Ketua Badan Pemenangan Pemilu (Bappilu) Partai Persatuan Pembangunan (PPP), Sandiaga Uno, menyampaikan, pihaknya siap bergabung dengan pemerintahan Prabowo Subianto-Gibran Rakabuming Raka, yang berpotensi memenangkan Pemilihan Presiden (Pilpres) 2024. PPP bersama Partai Demokrasi Indonesia Perjuangan (PDIP) mengusung Ganjar Pranowo-Mahfud MD pada pilpres.
Mantan Wakil Gubernur DKI Jakarta ini bahkan merasa terhormat apabila diundang bergabung dalam rezim mendatang. Padahal, merujuk laman pemilu2024.kpu.go.id pada Selasa (27/2), hanya meraup 3.023.993 suara (4,01%).
Anggota Mahkamah Partai DPP PPP, Abdullah Mansur, menyampaikan, belum ada pembahasan resmi di internal partainya tentang langkah politik tersebut. Pangkalnya, sampai sekarang masih fokus mengawal penghitungan suara Pemilihan Umum (Pemilu) 2024.
Jika penghitungan suara telah rampung, dipastikan memastikan masalah tersebut bakal dibahas di internal. Namun, ia memastikan PPP memiliki kans untuk bergabung dengan rezim Prabowo.
"Apakah bergabung dengan koalisi Prabowo-Gibran atau tidak dengan catatan kalau ada ajakan atau penawaran. Dalam percaturan politik, sikap apa pun bisa terjadi," katanya kepada Alinea.id.

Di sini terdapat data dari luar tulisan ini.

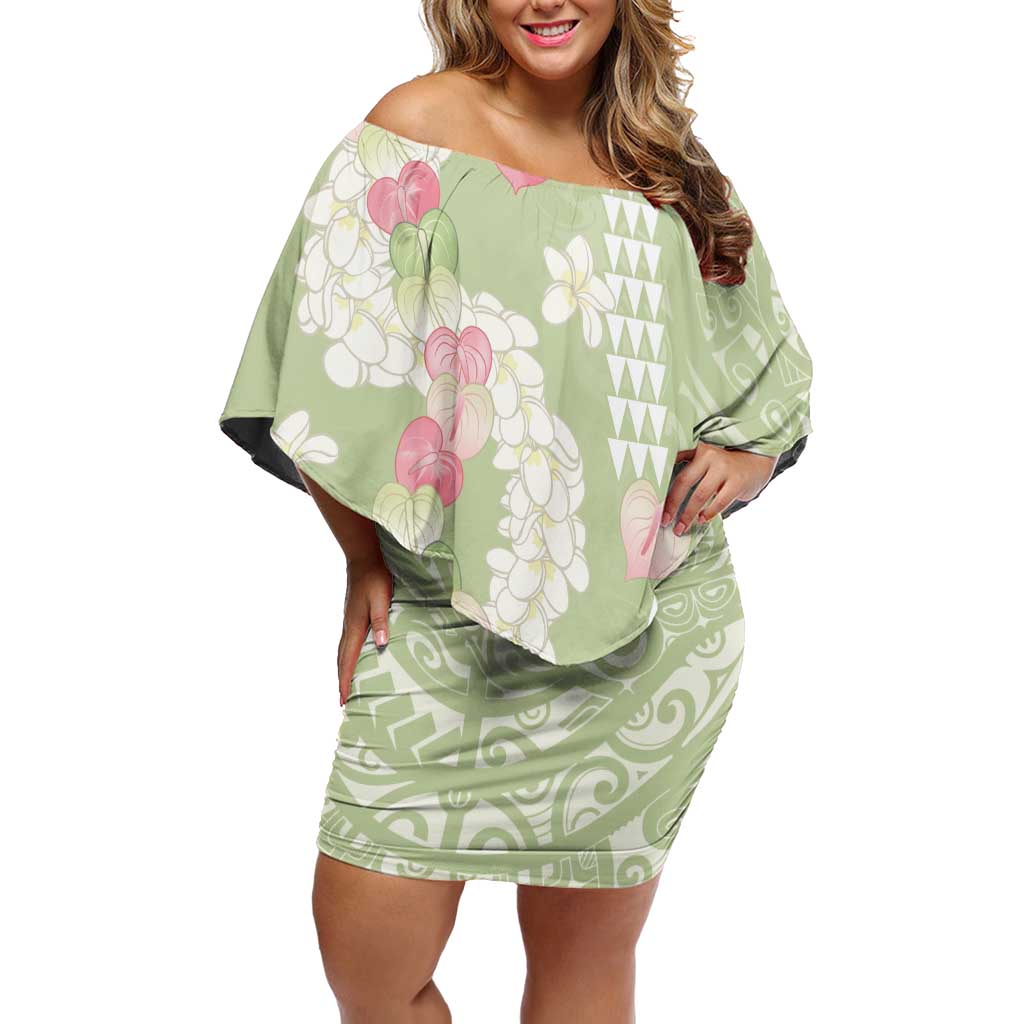 Leaf Green Hawaii Anthurium Plumeria Lei Off Shoulder Short Dress LT9 Women Green - Polynesian Pride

"PPP baru akan menentukan arah koalisinya kalau semua tahapan pemilu sudah selesai," imbuhnya.
Nihil tokoh sentral
Terpisah, Direktur Eksekutif Aljabar Strategic Indonesia, Arifki Chaniago, tidak heran apabila partai berlogo Ka'bah ini nantinya menjadi koalisi pemerintah. Tidak adanya pemilik saham mayoritas menjadikan peluang bergabung dengan pemerintahan Prabowo kian terbuka lebar.
"Perubahan sikap politik PPP begitu mudah. Jika ketua umumnya berganti, maka jalan PPP untuk meninggalkan kubu oposisi bakal lebih mudah. Cara PPP bergabung dengan pemerintahan sama dengan Golkar karena memang partai ini tidak ada pemiliknya," tuturnya Arifki kepada Alinea.id.
Arifki melanjutkan, peluang Prabowo bernegosisasi dengan PPP lebih mudah daripada partai-partai lain nonpengusung pada Pilpres 2024. PDIP, Partai Kebangkitan Bangsa (PKB), dan Partai NasDem, misalnya, lantaran ketiadaan figur sentral.
Apalagi, sambungnya, PPP akan melihat lebih banyak kerugian dibandingkan keuntungan yang diperoleh ketika menjadi oposisi lantaran banyak yang harus "dipuaskan". Salah satu pertimbangannya adalah memperkuat posisi pada pemilu berikutnya.
"Ini tidak hanya negosiasi kursi menteri, tetapi juga bargaining politik sebagai orang yang berpengaruh di partai," jelasnya.